§ EXERCISE DESCRIPTION: Nothing but the records, repeated word for word and free of pictures, belongs in the answer.

§ MATERIAL TO PROCESS:
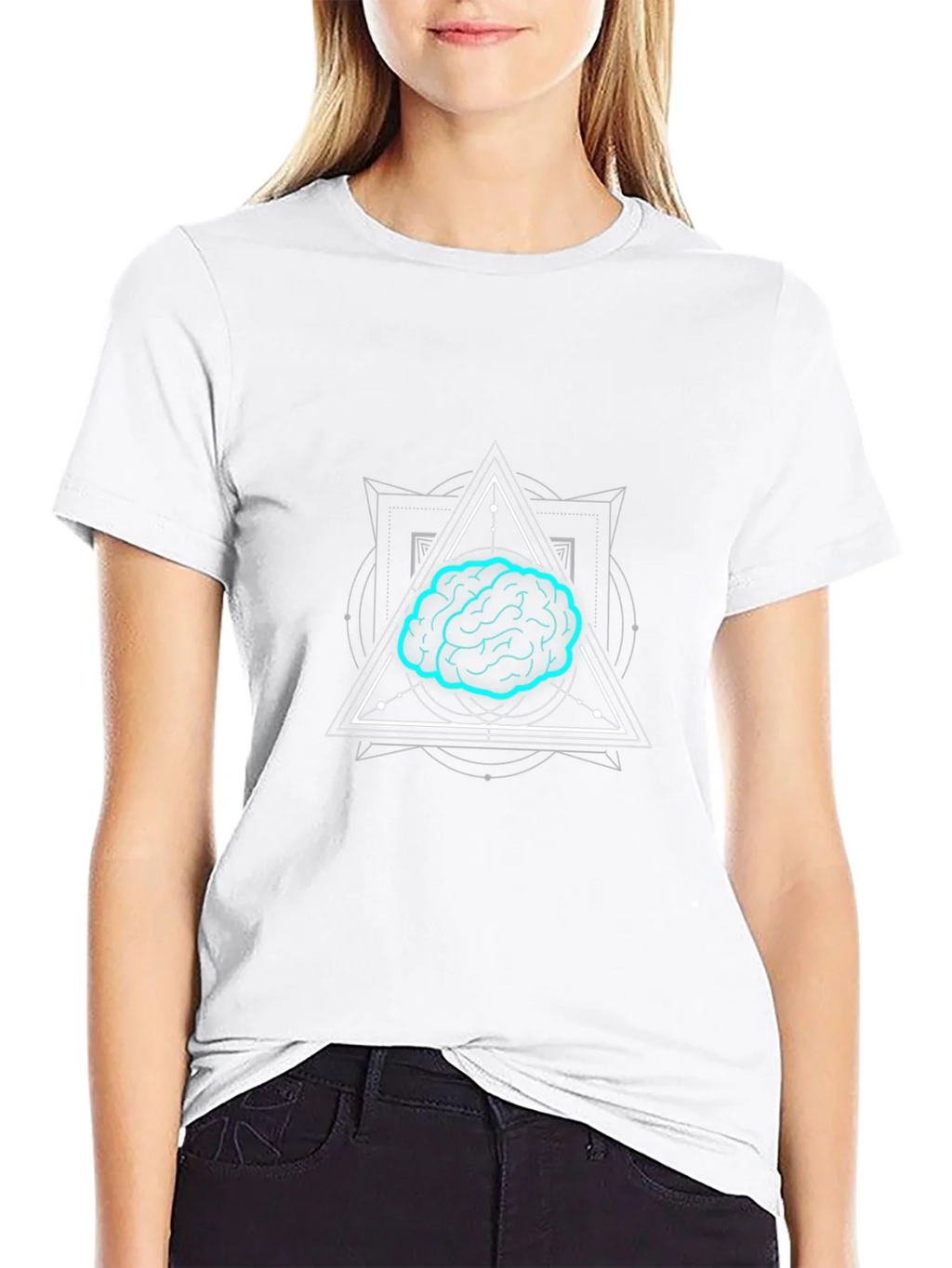 Brain Graphic T-Shirt - Black Cotton Tee for Men product image 11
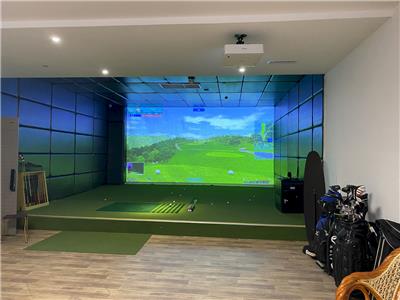 室内高尔夫模拟器 北京模拟高尔夫设备厂家 泰华诺金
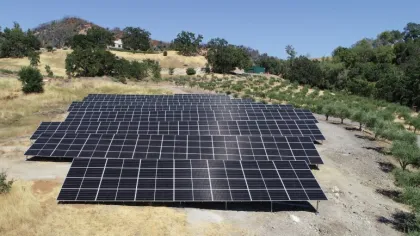 a solar panel on a roof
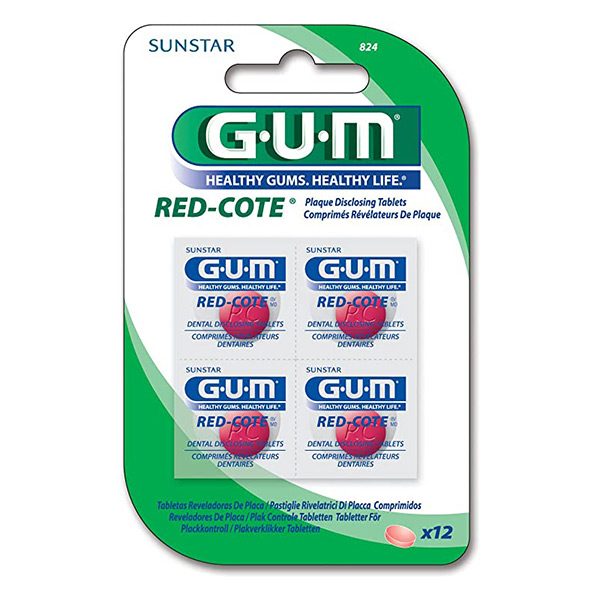 Gum Red-Cote Rivelatore Placca 12 Pastiglie - Dolomiti e Natura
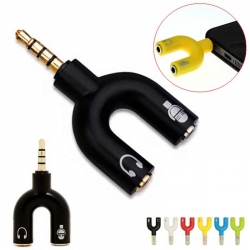 Переходник Jack3.5 4pin to 2xJack3.5 3pin EZRA AD04 Переходник Jack3.5 4pin to 2xJack3.5 3pin EZRA AD04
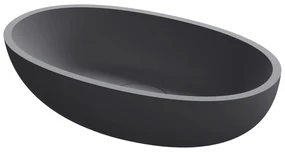 Riho Escala ovale waskom solid surface antraciet mat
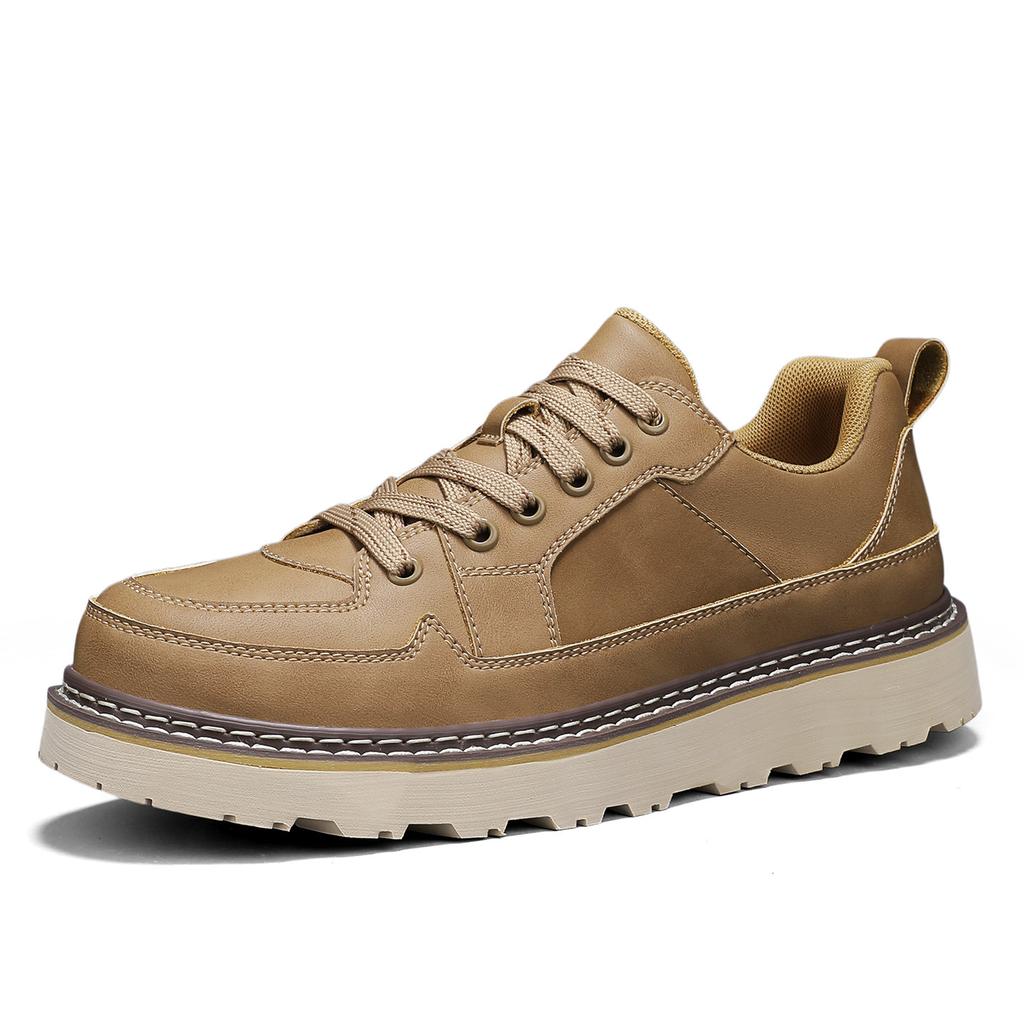 Tooling shoes men's autumn new thick baseplate shoes men's business casual leather shoes men's leather soft sole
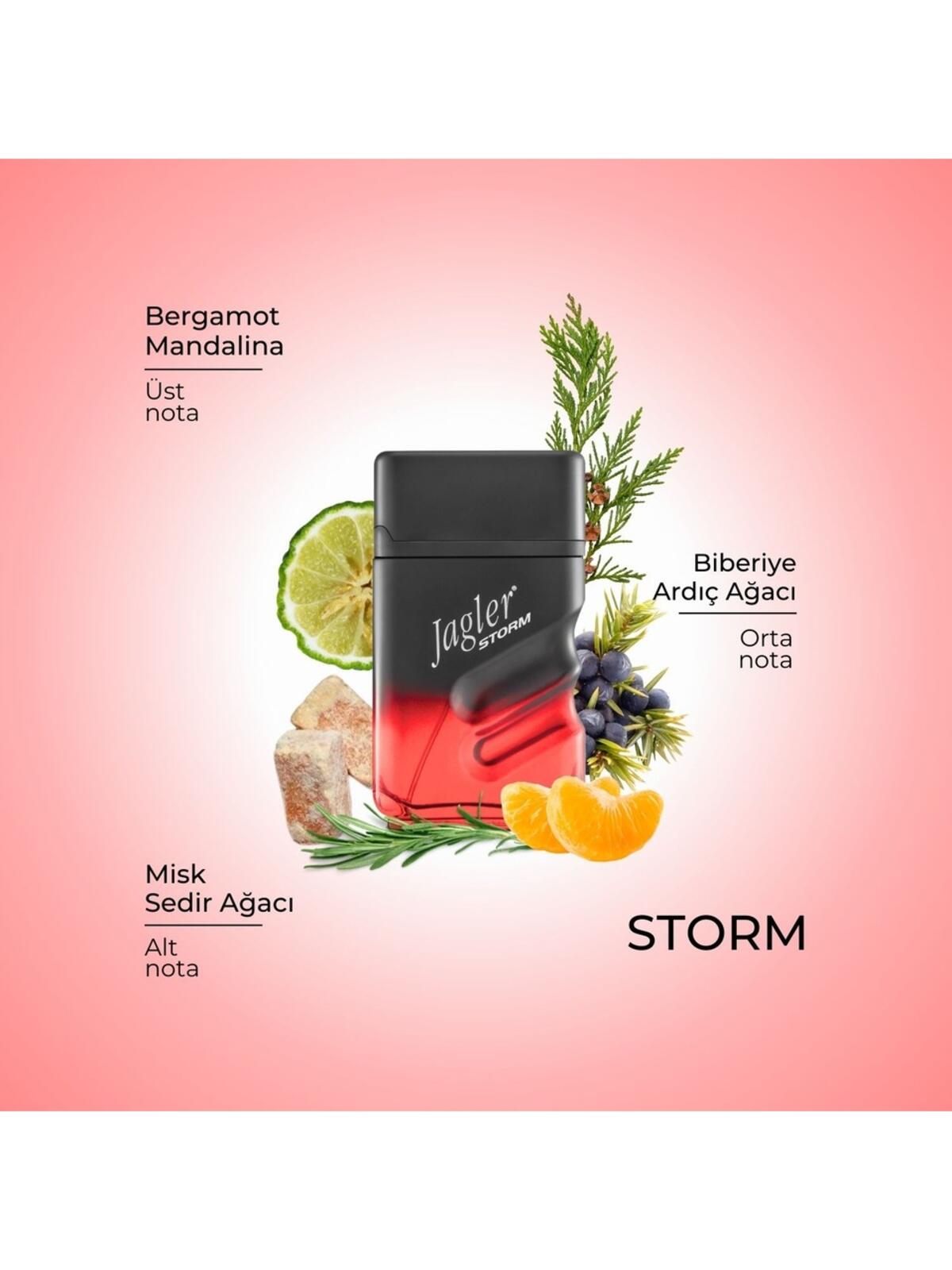 Jagler Erkek Parfüm Seti Storm 90Ml Edt+150Ml Deo
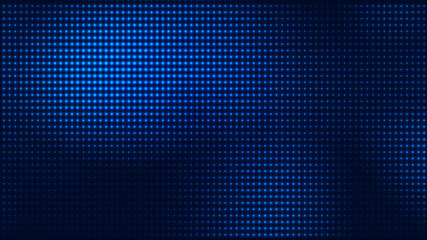 Fototapeta premium Dot blue pattern screen led light gradient texture background. Abstract technology big data digital background. 3d rendering.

§ WRITTEN ANSWER:
 Brain Graphic T-Shirt - Black Cotton Tee for Men product image 11
 室内高尔夫模拟器 北京模拟高尔夫设备厂家 泰华诺金
 a solar panel on a roof
 Gum Red-Cote Rivelatore Placca 12 Pastiglie - Dolomiti e Natura
 Переходник Jack3.5 4pin to 2xJack3.5 3pin EZRA AD04 Переходник Jack3.5 4pin to 2xJack3.5 3pin EZRA AD04
 Riho Escala ovale waskom solid surface antraciet mat
 Tooling shoes men's autumn new thick baseplate shoes men's business casual leather shoes men's leather soft sole
 Jagler Erkek Parfüm Seti Storm 90Ml Edt+150Ml Deo
 Fototapeta premium Dot blue pattern screen led light gradient texture background. Abstract technology big data digital background. 3d rendering.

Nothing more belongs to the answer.